This week, I came across a fascinating paper that bridges offensive security and incident response:

“Exploring LLM-Based Agents for Root Cause Analysis”

by Devjeet Roy, Xuchao Zhang, Rashi Bhave, Chetan Bansal, Pedro Las-Casas, Rodrigo Fonseca, and Saravan Rajmohan

TL;DR

ReAct agents equipped with specialized tools show significant promise for zero-shot out-of-domain root cause analysis (RCA)—reducing costs and manual labor for cloud incident response.

The Problem

Root cause analysis (RCA) for incident response is a time-consuming and costly process for cloud providers, requiring skilled engineers with team-specific experience that can take years to develop. Engineers must collect additional diagnostic data dynamically, and use deep domain knowledge to identify and address root causes, making the process labor-intensive and difficult to automate. How can the reasoning capabilities of LLMs be leveraged to reduce this burden while maintaining accuracy?

The Solution

The paper explores the use of ReAct agents, which are agents designed to interleave reasoning (thinking) with tool usage (acting). ReAct agents are instructed to first think through a problem, then call an external tool, observe the result, and either continue reasoning or provide a final answer. This iterative process allows for more sophisticated reasoning and improved performance compared to simple tool-using models.

The authors design the following tools

  • (generic) Q&A tool about the incident: Allows the agent to query specific details in Q&A-style instead of relying on summaries that might exclude relevant information.
  • (generic) Historical incident data retrieval: Enables similarity-based retrieval using incident titles and descriptions, with results either provided directly to the agent or summarized by another LLM.
  • (team-specific) Database query tool: Uses an SQL-like language and includes Q&A capabilities through another LLM for interpreting query results.
  • (team-specific) Internal knowledge base article (KBA) Q&A tool: Leverages a vector store and LLM to query team-specific knowledge bases.
  • (team-specific) Planning tool: Similar to the Q&A tool but explicitly encourages the agent to devise high-level plans.
  • (team-specific) Human interaction tool: Allows the agent to request information or assistance from a human engineer.

This set of tools demonstrates the distinction between the general capabilities of the agent, provided by generic tools, and what a specialized version tailored to a specific team’s needs could look like, as explored in the evaluation section.

The Results

Evaluation was conducted on a dataset of over 100k internal Microsoft incidents, with ReAct agents tested in both general and team-specific settings. Key findings include:

  • Automated Metrics: In the general setting, ReAct agents underperformed compared to baselines (RAG, CoT, and IR-CoT) across all automated metrics (both semantic and lexical). Notably, these metrics were critiqued in last week’s paper for potentially being insufficiently meaningful, as they fail to reasoning traces.
  • Manual Evaluation: ReAct agents significantly reduced hallucinations compared to baselines, demonstrating better factual accuracy, even if this was not fully reflected in the automated scores.
  • Case Study: In the team-specific setting, the agent reliably performed simpler RCA tasks autonomously but required human assistance for complex cases.
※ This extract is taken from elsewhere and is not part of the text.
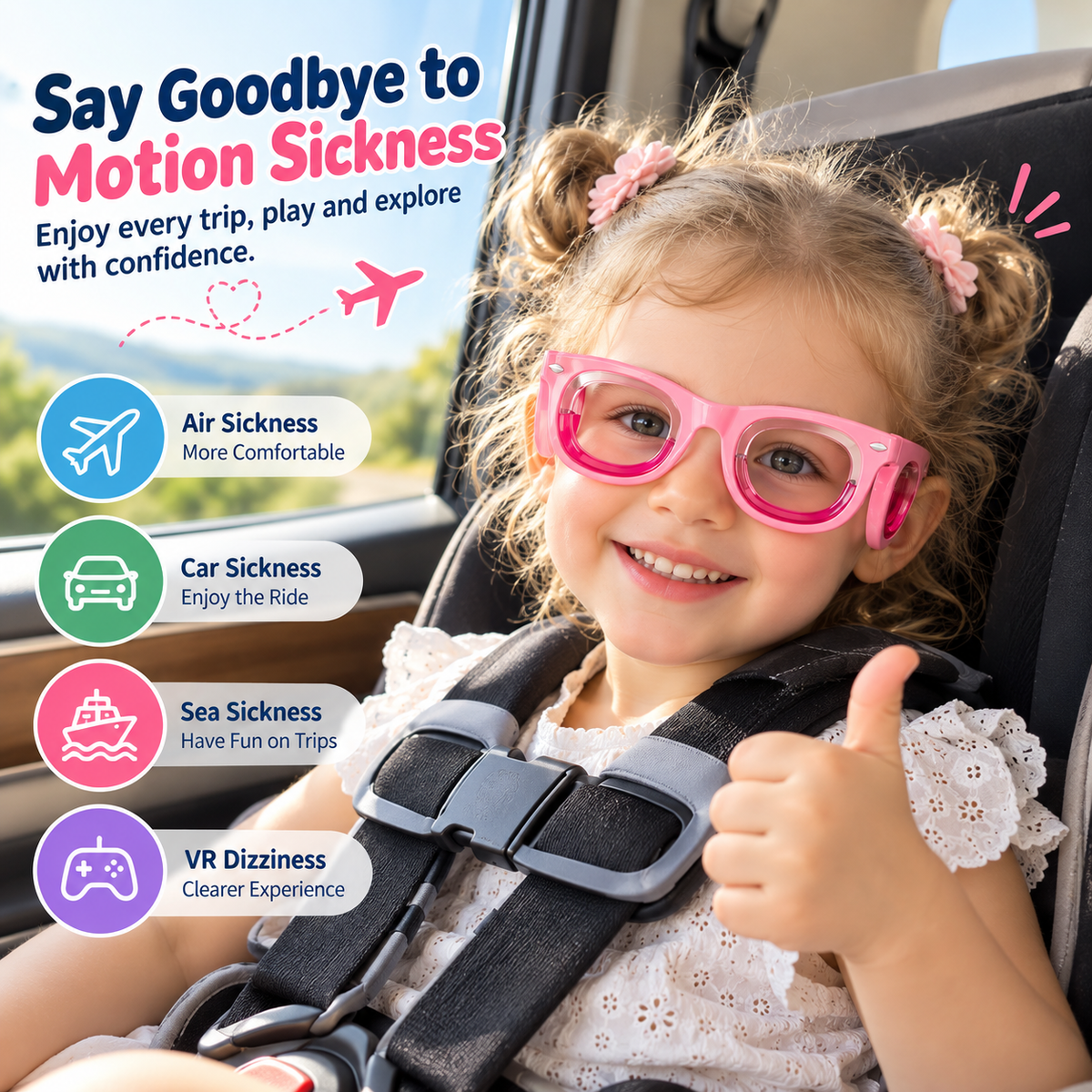 Kids' Motion Sickness Travel Glasses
For more complex scenarios, the agent showed strong planning abilities but often ran out of iterations before completing tasks, highlighting the need for scalable long-term memory. The case study also emphasized the critical role of knowledge base articles (KBAs) for accessing team-specific information and enabling effective RCA workflows.

My Thoughts

This paper highlights the potential of general-purpose agents with minimal adjustments—primarily customizing the tools and providing more context/budget for the agent to operate. However, since the general setting didn’t perform as well, it seems that many teams will need to maintain their own specialized versions. I’m unclear on how much effort this would require per team, and a comment from the authors on the scalability of such an approach would have been very interesting.

That said, the tools described in the paper seem like they could be generalized to define a core set of functionalities, making it more about configuring the tools for each team’s specific data sources rather than implementing entirely new solutions.
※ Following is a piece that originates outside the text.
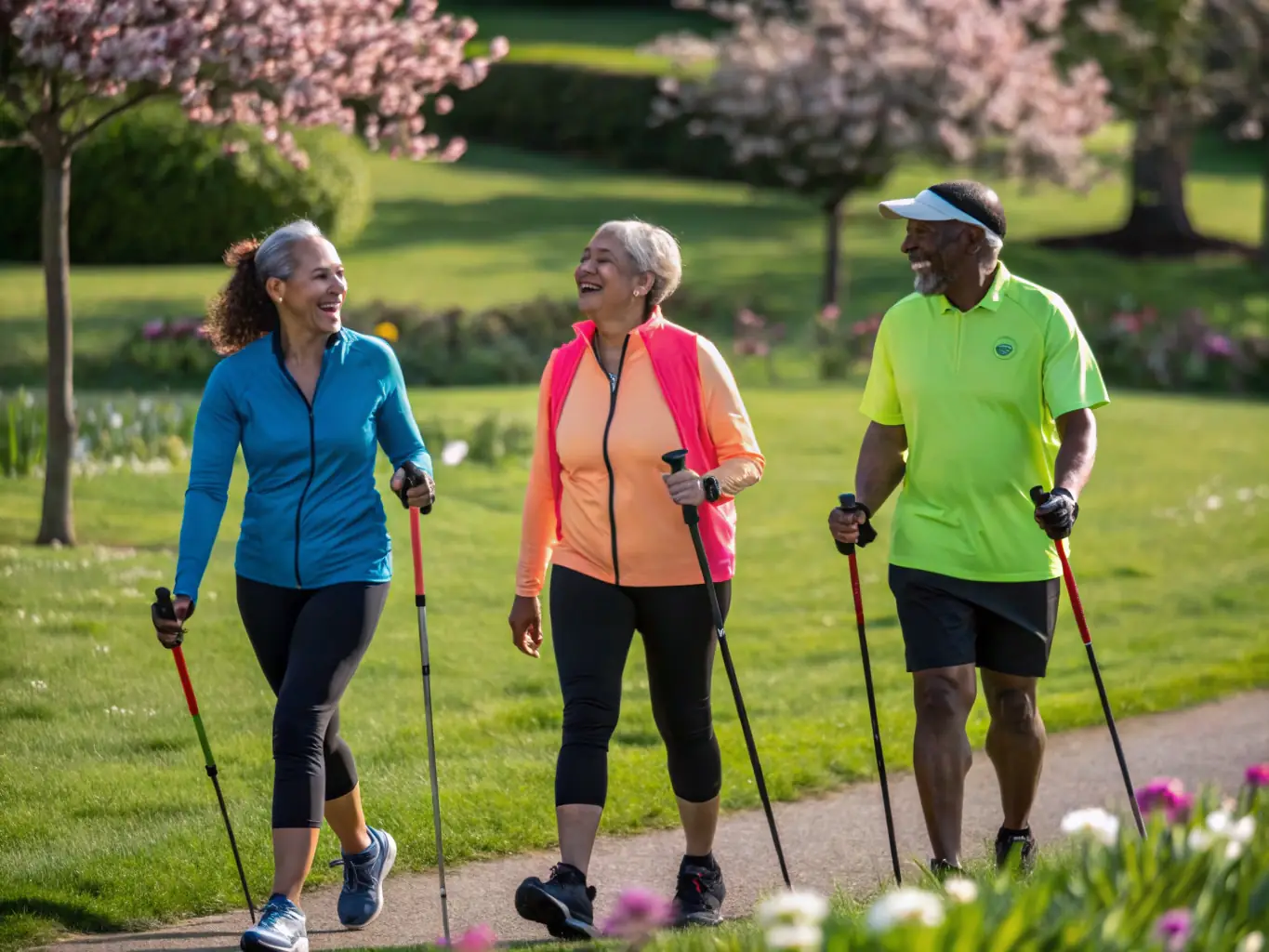 A group of people using Nordic walking poles in a park, demonstrating the proper technique and the social aspect of the activity. The image should convey a sense of health and community.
Additionally, the inclusion of a dedicated planning tool is intriguing, but it feels like a “backdoor” approach. A more explicit integration of long-term planning and mechanisms to update plans dynamically could enhance the agent’s capabilities.

Finally, the limitations caused by the agent running out of actions in complex cases could likely be addressed with newer LLMs that offer longer context windows. Re-evaluating this approach with such models would be interesting to explore its true potential.